In yet another sign that China has become one of the most powerful global economic forces, Daimler AG announced on Monday that sales at its Mercedes-Benz car division rose 16% in November, due in large part to strong growth in demand from the emerging Asian economy. “A total of 8,700… cars were delivered in China last month –nearly three times the number sold in November 2008,” said the German automaker. Separately, Audi AG announced that sales in China more than doubled last month, and that the company expects China to replace Germany as its largest market by 2013. BMW reported that China sales have seen a January-to-November sales jump of more than 35%.
For much of the developed world, the recent wave of economic crises resulted in sharp contractions in economic activity followed by a long road to a recovery. While China certainly didn’t come through the downturn unscathed, it managed to generate significant GDP growth in 2008, one of the only countries in the world to do so.

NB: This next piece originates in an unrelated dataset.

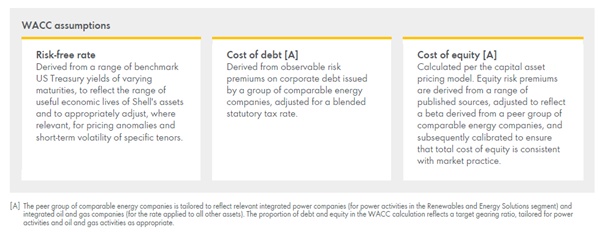 IFRS 13 – Significant Judgments and Estimates - Fair Value, Big Numbers and Proper Disclosure 1 IFRS 13 Significant Judgments and Estimates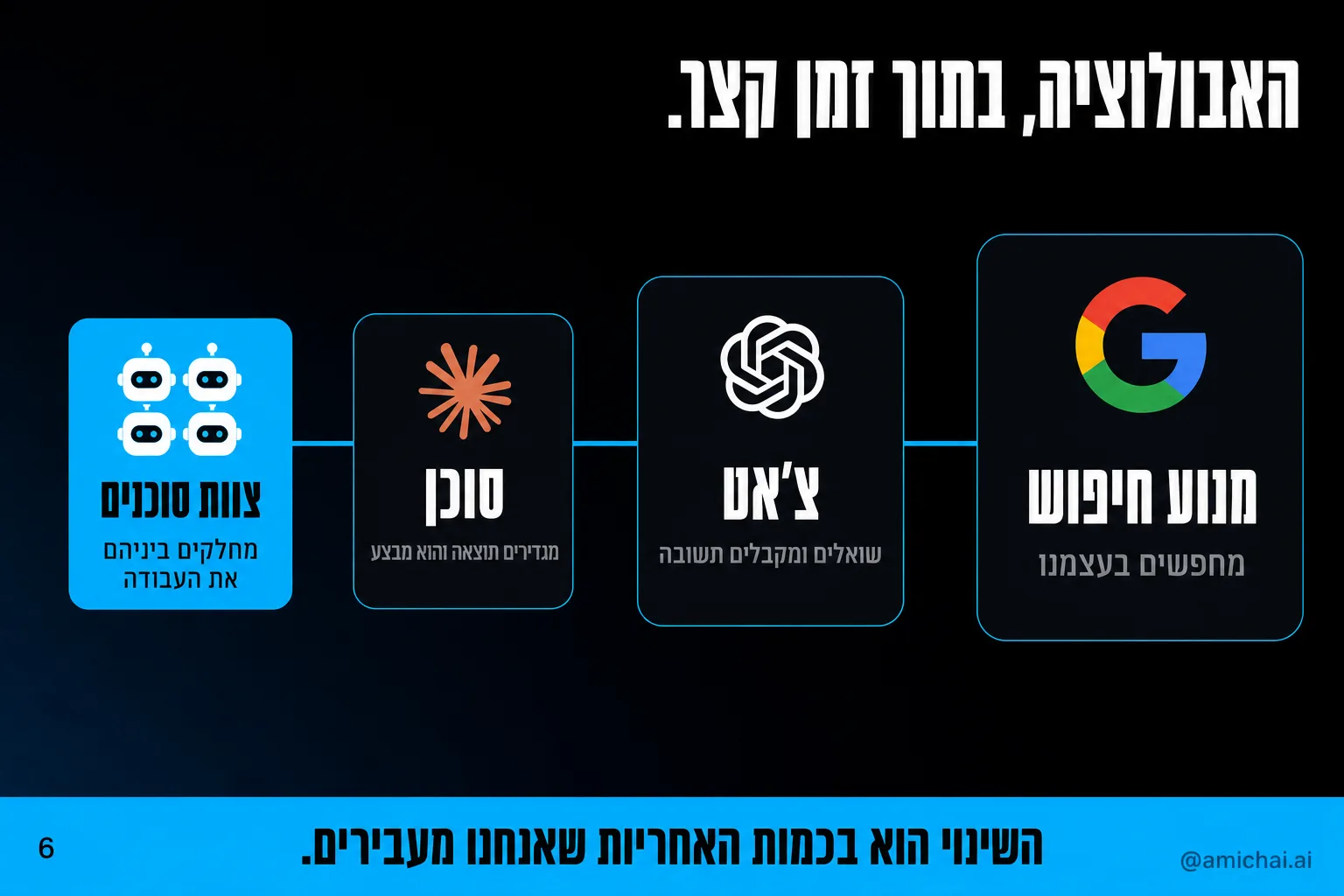 ציר התפתחות: מנוע חיפוש, צ'אט, סוכן, צוות סוכנים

The sales figures from major luxury automobile manufacturers are further proof that China’s wealth continues to grow, and that this increase in quality of life is translating into increasingly active consumers. With most developed economies facing a “new normal” and a long road to recovery, companies around the world are looking to China to drive future growth.
Will Luxury ETF Benefit?
For investors looking to capitalize from an uptick in wealth and spending habits in China, there are a couple ETFs that may be of interest. The Claymore/Robb Report Global Luxury Index ETF (ROB) invests in companies whose primary business is the provision of luxury goods and services, and counts Daimler, BMW, and Porsche among its largest holdings. Components of ROB aren’t exclusively automakers though – other holdings include Swatch, Coach, Christian Dior, and Polo Ralph Lauren.
While there are a number of consumer discretionary ETFs available (see a complete list here), many of these funds include allocations to stocks like McDonald’s and Target – not exactly luxury goods and services. ROB represents the very high end of consumer products companies, making it vulnerable to cutbacks in discretionary spending (as we saw during the economic downturn) but providing potential for big gains when wealth and spending are on the rise.

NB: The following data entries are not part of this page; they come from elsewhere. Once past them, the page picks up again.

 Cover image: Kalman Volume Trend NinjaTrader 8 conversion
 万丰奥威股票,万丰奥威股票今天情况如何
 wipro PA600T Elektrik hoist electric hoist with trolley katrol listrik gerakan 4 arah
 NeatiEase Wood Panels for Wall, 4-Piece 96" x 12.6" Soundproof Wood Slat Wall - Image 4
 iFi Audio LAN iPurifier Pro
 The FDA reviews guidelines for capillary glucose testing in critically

Another ETF that offers exposure to China’s rising middle class is the Global X China Consumer ETF (CHIQ), which (as its name suggests) invests in companies that have their main business operations in the consumer sector and are domiciled in China. Launched earlier this month, CHIQ is one of the first exchange-traded products allowing investors to gain exposure to specific sectors of China’s fast-growing economy. This ETF makes meaningful allocations to retail, food, and automotive companies.
Disclosure: No positions at time of writing.